Granted, these are (were) fan based sites and as such not something that Blizzard created, so there shouldn't necessarily be in game links to the current ones (Wowhead, Wowpedia etc), but I do like the idea of patch notes, and current location of gear vendors etc being on the notice boards in game.

I'm sure we have all tutted and rolled our eyes when someone has asked what seems like an obvious question in guild chat or in an instance, and wondered why they don't just look it up themselves. Maybe we should all just stop assuming that people know where to look :)

As a Community, the WoW is a large and multi-faceted one, with people of all ages, backgrounds and skill level.
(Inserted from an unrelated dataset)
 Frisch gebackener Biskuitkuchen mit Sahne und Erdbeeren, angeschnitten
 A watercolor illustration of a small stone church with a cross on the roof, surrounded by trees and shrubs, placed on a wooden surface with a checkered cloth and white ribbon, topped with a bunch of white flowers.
Those of us who have been around a little longer should have some more patience with those just starting on the curve, and remember that we were once WoW-noobs too ^^


  1. I started playing in Feb 2012 and I have learnt so much in what is relatively a short time playing! I agree that some people need to remember that not everyone's been playing for 8 years or has a million alts - some of us still haven't EVER rolled a warrior etc. Also, great link to the noob stories :)

    1. Indeed! It is too easy to assume that everyone knows the things that we know, but a little patience goes a long way! And noob stories are great, they keep us humble as we all remember doing similar things (including falling off Teldrassil and being a ghost for ages xD)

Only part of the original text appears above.